The IHS Markit CIPS UK Manufacturing PMI® read 47.4 in August, down from 48.0 in July and at its lowest since July 2012. Output volumes fell as intake of new work contracted at the fastest pace for more than seven years. Business optimism also fell to a record low.
Steep reductions in new orders were reported across consumer, intermediate and investment goods manufacturing. The contraction in orders was linked to weaker domestic and global economic conditions, low market confidence, Brexit concerns, business uncertainty and a slowdown in customer spending.
New export business contracted at the fastest rate in seven years. Inflow from USA and Asia weakened and there were reports EU-based customers were re-routing supply chains away from the United Kingdom.

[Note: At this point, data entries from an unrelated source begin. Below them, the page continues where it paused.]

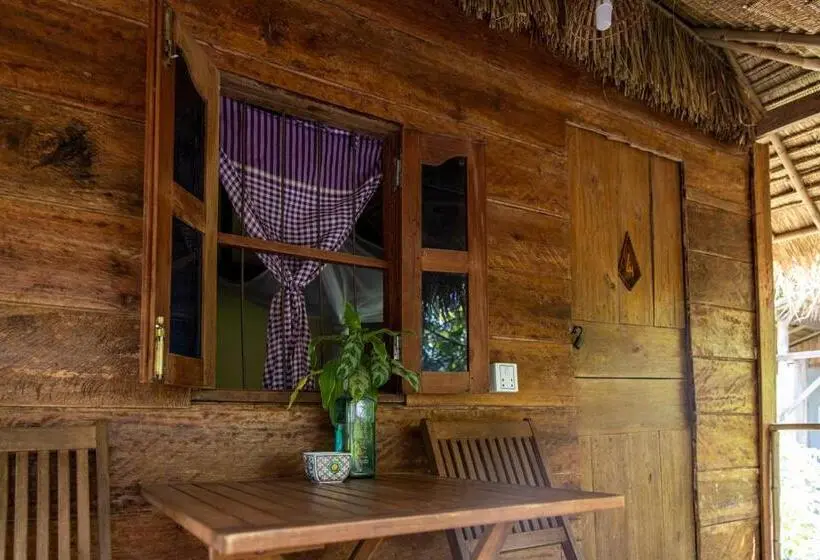 بانگلوی سوپریور, Kampot Cabana
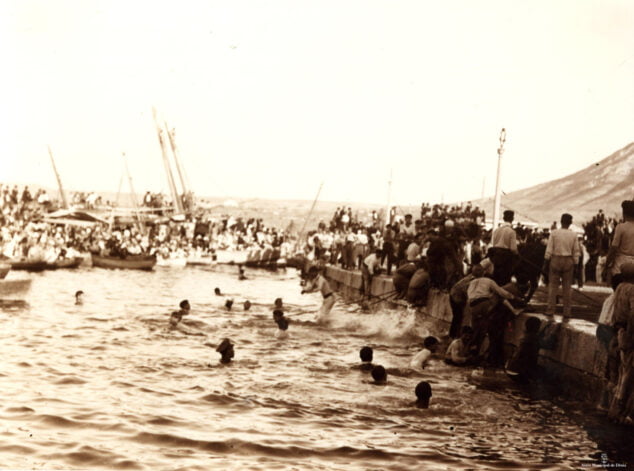 Imagen: Una de las primeras celebraciones de toros en el puerto | Foto: Arxiu Municipal de Dénia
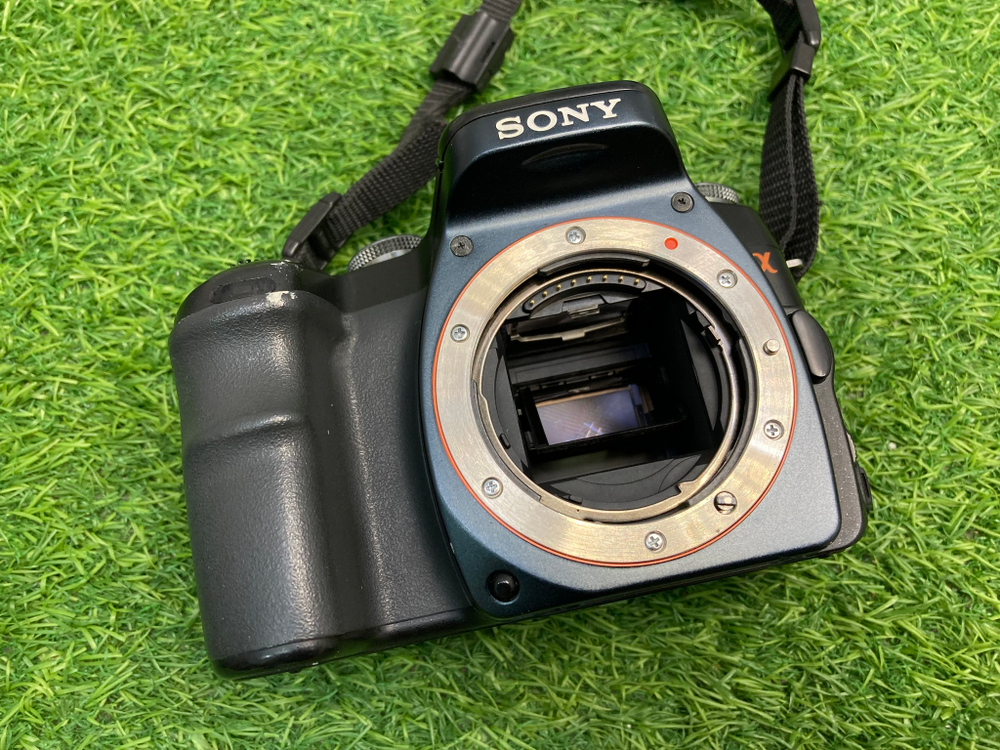 Sony A100 Kit 18-70mm DT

40% of companies still forecast output growth in the coming year against 13% anticipating decline. However, that still pulled the overall reading down to the lowest since Markit started surveying business optimism in 2012.
Manufacturing employment fell at one of the fastest rates in the last six year, driven by cost saving initiatives in the form of reorganisations and redundancies.
Finished goods inventories increased slightly; input stocks fell. Input inflation remained ‘solid’ with 80% of companies that provided a reason citing the exchange rate for Sterling. Increased costs were passed onto customers, further increasing average selling prices.